But in actuality, the main protagonist of this week’s parashah is not Jacob; it is not Ya’akov at all; it is his mother, Rivkah – she is the central actor, driving the plot, and given when this text was written – thousands of years ago – we can see this as a revolution in women’s rights for it’s time.
First, while the parashah says it is beginning with Isaac and his generations, it quickly turns to Rebecca. She runs the family, undertaking the task of determining how God’s choice will be enacted. She is the one who ensures that God’s blessings go the way that the Divine tells her they should.
While Isaac has the formal authority to bless, she is the one who chooses who gets blessed in the final verdict, substituting one son for the other – against her husband’s wishes.
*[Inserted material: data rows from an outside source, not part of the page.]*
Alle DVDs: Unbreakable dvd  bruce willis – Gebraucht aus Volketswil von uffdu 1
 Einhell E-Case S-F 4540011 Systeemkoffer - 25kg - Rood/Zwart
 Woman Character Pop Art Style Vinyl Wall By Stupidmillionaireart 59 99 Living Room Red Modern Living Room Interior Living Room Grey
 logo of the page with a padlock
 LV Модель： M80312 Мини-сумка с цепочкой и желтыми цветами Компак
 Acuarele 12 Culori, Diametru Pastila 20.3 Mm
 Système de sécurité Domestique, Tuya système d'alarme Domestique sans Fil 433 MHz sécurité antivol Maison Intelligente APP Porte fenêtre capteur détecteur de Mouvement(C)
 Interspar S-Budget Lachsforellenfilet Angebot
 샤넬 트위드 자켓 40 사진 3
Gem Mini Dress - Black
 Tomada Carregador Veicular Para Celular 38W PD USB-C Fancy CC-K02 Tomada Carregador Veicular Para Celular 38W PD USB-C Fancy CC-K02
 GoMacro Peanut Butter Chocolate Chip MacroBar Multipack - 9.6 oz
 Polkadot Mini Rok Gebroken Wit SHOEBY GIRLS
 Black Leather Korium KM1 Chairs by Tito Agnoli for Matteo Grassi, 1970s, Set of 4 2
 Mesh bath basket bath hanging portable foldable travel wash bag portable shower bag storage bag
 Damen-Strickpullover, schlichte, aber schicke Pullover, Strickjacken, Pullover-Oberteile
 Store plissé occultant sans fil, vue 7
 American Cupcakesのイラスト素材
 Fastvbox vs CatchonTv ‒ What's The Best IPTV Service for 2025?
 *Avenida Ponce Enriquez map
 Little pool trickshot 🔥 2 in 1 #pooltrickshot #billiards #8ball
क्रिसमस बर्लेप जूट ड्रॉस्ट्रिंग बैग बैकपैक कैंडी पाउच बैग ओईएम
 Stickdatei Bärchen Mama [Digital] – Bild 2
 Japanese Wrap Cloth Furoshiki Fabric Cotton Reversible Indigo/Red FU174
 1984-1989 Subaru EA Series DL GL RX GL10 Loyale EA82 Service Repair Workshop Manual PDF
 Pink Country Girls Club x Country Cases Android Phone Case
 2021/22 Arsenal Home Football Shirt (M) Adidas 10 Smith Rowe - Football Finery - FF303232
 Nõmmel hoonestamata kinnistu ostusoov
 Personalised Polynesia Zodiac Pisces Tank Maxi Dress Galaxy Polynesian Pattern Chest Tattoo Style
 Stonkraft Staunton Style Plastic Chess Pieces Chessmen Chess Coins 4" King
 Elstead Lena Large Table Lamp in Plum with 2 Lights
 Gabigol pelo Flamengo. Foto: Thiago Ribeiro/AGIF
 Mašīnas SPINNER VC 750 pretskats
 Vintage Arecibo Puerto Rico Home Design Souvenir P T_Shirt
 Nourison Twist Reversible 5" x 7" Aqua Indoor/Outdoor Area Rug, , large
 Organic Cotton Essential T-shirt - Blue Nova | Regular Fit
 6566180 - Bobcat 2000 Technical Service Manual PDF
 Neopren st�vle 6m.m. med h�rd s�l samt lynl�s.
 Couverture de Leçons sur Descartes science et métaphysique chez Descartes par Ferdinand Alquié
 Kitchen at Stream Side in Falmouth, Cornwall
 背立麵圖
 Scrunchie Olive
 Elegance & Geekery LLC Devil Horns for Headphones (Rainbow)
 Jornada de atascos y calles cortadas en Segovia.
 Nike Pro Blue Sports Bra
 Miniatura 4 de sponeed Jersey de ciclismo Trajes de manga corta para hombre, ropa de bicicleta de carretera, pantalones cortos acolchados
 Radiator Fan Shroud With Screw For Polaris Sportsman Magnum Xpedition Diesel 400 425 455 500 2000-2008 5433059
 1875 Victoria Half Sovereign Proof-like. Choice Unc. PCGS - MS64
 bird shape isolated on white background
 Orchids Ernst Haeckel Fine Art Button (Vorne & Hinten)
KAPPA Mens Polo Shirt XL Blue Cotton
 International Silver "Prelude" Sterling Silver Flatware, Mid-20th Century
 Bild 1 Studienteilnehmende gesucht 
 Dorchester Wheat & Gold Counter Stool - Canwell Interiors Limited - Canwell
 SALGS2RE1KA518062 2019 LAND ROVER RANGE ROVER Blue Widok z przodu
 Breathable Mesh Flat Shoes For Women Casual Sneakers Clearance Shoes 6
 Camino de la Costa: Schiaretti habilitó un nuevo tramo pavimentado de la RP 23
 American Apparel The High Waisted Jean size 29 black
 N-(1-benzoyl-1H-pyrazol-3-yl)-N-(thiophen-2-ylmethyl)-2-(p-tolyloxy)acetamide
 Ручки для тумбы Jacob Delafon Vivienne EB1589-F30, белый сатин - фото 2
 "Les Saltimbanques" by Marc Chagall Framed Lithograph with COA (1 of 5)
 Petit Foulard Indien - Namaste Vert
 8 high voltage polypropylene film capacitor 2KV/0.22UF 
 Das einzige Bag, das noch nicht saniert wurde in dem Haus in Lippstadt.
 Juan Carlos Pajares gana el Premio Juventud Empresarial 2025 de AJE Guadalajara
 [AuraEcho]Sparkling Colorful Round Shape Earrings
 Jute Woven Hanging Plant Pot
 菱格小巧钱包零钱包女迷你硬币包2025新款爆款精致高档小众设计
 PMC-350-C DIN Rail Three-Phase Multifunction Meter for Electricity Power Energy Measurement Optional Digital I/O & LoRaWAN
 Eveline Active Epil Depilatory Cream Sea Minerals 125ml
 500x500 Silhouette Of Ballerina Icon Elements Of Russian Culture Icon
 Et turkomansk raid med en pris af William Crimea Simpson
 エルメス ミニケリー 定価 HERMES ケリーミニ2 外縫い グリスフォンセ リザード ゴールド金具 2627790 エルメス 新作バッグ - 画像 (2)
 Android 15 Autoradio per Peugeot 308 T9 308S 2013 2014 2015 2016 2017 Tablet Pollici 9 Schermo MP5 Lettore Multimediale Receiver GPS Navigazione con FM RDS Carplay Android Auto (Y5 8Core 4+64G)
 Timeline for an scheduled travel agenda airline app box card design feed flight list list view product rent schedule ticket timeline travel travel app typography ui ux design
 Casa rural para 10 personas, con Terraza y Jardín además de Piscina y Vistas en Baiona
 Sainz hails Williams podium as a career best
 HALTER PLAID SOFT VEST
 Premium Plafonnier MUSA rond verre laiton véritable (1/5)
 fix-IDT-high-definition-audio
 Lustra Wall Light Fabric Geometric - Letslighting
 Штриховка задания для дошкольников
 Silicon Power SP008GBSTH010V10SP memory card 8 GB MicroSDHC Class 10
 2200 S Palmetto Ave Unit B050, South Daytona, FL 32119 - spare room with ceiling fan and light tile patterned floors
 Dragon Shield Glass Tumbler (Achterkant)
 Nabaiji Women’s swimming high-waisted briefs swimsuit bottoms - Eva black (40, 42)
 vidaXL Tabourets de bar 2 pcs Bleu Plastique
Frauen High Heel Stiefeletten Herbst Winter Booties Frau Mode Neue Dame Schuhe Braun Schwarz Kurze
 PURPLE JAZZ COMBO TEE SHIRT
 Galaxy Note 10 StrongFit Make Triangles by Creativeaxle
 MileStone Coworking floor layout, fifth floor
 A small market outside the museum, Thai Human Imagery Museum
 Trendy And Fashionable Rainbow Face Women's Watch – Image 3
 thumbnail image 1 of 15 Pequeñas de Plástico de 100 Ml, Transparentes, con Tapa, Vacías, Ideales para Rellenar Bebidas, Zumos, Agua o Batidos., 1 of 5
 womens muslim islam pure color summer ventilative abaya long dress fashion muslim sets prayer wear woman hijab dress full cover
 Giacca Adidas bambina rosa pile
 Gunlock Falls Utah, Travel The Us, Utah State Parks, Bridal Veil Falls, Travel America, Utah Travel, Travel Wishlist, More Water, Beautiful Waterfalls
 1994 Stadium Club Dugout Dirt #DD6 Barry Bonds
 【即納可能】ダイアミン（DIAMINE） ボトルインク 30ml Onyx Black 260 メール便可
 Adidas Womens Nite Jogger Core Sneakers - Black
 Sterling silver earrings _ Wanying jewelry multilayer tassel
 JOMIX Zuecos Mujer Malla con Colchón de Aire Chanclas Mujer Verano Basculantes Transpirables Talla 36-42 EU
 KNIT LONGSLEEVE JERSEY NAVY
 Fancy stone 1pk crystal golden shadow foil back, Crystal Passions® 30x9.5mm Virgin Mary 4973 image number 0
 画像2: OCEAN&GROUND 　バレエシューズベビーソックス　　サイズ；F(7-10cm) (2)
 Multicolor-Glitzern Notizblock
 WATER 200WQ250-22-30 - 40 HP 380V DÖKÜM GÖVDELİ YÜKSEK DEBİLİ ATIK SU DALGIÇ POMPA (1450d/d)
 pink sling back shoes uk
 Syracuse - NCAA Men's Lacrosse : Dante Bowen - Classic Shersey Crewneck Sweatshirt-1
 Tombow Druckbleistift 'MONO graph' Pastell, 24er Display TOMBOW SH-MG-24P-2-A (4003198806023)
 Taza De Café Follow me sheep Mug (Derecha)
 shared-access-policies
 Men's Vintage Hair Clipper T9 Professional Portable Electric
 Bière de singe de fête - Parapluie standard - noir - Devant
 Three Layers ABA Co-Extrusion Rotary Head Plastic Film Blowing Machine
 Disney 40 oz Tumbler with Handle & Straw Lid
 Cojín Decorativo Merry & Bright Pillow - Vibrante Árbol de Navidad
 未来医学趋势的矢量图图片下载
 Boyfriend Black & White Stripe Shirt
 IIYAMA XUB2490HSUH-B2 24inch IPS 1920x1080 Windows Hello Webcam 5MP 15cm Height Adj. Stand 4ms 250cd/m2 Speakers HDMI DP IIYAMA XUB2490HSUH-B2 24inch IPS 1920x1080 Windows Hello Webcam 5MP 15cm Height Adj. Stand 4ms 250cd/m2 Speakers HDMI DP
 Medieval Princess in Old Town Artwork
That’s the real power behind the throne.
But it’s not just that, listen to how the parashah opens – we actually are given an insight into how Rebecca is thinking – that is something that is rarely done with men, let alone women, in the biblical narrative. As she feels the pain of her twins pressed against each other and against her womb, she thinks to herself: “lamah zeh anokhi – If this is so, why do I exist?” (Gen 25:22)
This demonstrates a real ability to be self-reflective, a fairly unusual quality among most biblical characters – male or female. And things get even more remarkable as she then seeks out the Divine for assistance, as the Torah relates: “Vateilekh lidrosh et-Adonai – she went to inquire of Adonai.”
What does this mean? It’s not perfectly clear. Many of the classical rabbinical commentaries tried to play this down, claiming that Rebecca did not have direct experience of God, that was some kind of mediated experience. But that is not my reading of the words. It says “she went to inquire of God.”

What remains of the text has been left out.